One of the ways the cost could be controlled is by using refurbished equipment. But, according to Mampazhy, “The government of India is not supportive of this, because they’re afraid that India will become a dumping ground of old equipment.” Besides, there could also be instances where the applicant might quote an overpriced number for the refurbished tool, and get the subsidy for the same.
The $2-billion figure is however just the equipment cost. Adding to that, the infrastructural cost of setting up a fab will be about $200 million to $300 million. Plus, there will also be a technology transfer fee levied by the companies issuing the lithographic tools to the fabrication plants. The 65nm-55nm range will have a licensing fee of about $300million to $400million, and as we go to the narrower range, the transfer cost increases to about $1 billion for a 28nm range and more if we go further down.
Together, the three components, Mampazhy said, will add up to $3 billion for the 65nm range. Likewise, we can estimate the total cost at the lower end of the spectrum.
Govt subsidiary to the rescue
In September 2022, the Ministry of Electronics & Information Technology (MeitY), modified the existing semiconductor policy. The new programme had additional incentives to attract investments from companies/consortia to create semiconductor and display fabrication ecosystem in India. These incentives include an outlay of ₹76,000 crores ($10 billion), where the government will provide the eligible applicants 50% of financial support of the project cost on a pari-passu basis.
The incentive package will also apply to setting up compound semiconductors/silicon photonics/sensors (including MEMS) fabs/discrete semiconductor fabs and semiconductor ATMP/OSAT units. The government intends to establish at least 20 such units under this scheme.
The announcement of the scheme has since sparked interest of quite a few buyers, who wish to avail the scheme. Of late, Reliance and HCL bid to acquire 26-51% stake in ISMC Analog after their proposal to establish a semiconductor wafer fabrication facility in Mysore.
Beyond the central government subsidy, there are also several state-sponsored schemes pushing India’s semiconductor mission ahead. Gujarat government, for example, proposed additional assistance on the total capital expenditure of selected proposals. The incentives will leave the investors with much lesser investment than they initially had to put in, when kept in proportion to the stake they will have in the production.
What next?
India has not been able to attract much foreign interest until now—the reason being it is yet to prove itself as a fertile ground for semiconductor manufacturing.

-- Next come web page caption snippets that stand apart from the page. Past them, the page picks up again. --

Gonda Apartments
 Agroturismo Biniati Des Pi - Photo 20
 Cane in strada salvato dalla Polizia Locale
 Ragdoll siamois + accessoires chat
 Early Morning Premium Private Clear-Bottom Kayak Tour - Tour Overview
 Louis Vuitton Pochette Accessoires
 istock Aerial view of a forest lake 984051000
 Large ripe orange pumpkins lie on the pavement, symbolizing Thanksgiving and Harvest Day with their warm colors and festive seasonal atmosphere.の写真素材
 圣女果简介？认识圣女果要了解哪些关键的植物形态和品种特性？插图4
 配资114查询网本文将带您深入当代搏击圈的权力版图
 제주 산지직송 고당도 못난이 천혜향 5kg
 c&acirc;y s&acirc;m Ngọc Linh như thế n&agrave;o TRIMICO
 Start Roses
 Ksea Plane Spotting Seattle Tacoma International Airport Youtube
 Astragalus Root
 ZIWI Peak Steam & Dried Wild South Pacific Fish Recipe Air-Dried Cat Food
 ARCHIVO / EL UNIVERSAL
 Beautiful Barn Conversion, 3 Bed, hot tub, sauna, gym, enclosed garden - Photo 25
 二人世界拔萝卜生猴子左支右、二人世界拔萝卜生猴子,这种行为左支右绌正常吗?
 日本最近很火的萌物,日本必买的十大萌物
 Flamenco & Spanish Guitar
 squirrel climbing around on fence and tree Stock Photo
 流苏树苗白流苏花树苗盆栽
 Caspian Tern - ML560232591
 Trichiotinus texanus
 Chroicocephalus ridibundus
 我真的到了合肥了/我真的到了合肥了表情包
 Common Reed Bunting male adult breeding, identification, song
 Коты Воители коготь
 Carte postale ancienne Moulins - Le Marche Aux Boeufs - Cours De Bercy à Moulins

But, once the machine gets running, we can expect India to host semiconductor plants for a wide range of technology nodes catering to a large scale of industries and consumer electronics.
Therefore, the modified scheme deserves attention particularly because the previous edition of the scheme had an incremental approach to allocating cost for different ranges depending on the technology node. The 28nm or lower range was eligible for 50 percent of the project cost, 28nm to 45nm for up to 40 percent, and above 45nm up to 65nm were eligible for up to 30 percent of the project cost. Thus, the new model has levelled the playfield for everyone.
Speaking about the road ahead for India in its semiconductor ambitions, Mampazhy stressed that India can have lofty ambitions for the future but at present taking the first step is important. He added, “Be it 65nm or 28nm, for the next 2 to 3 years you build a path…that market will be there for these chips for next at least 10 to 15 years and by that time you can decide what is the next way whether you want to go for advanced nodes that have silicon itself or perhaps in a different direction.”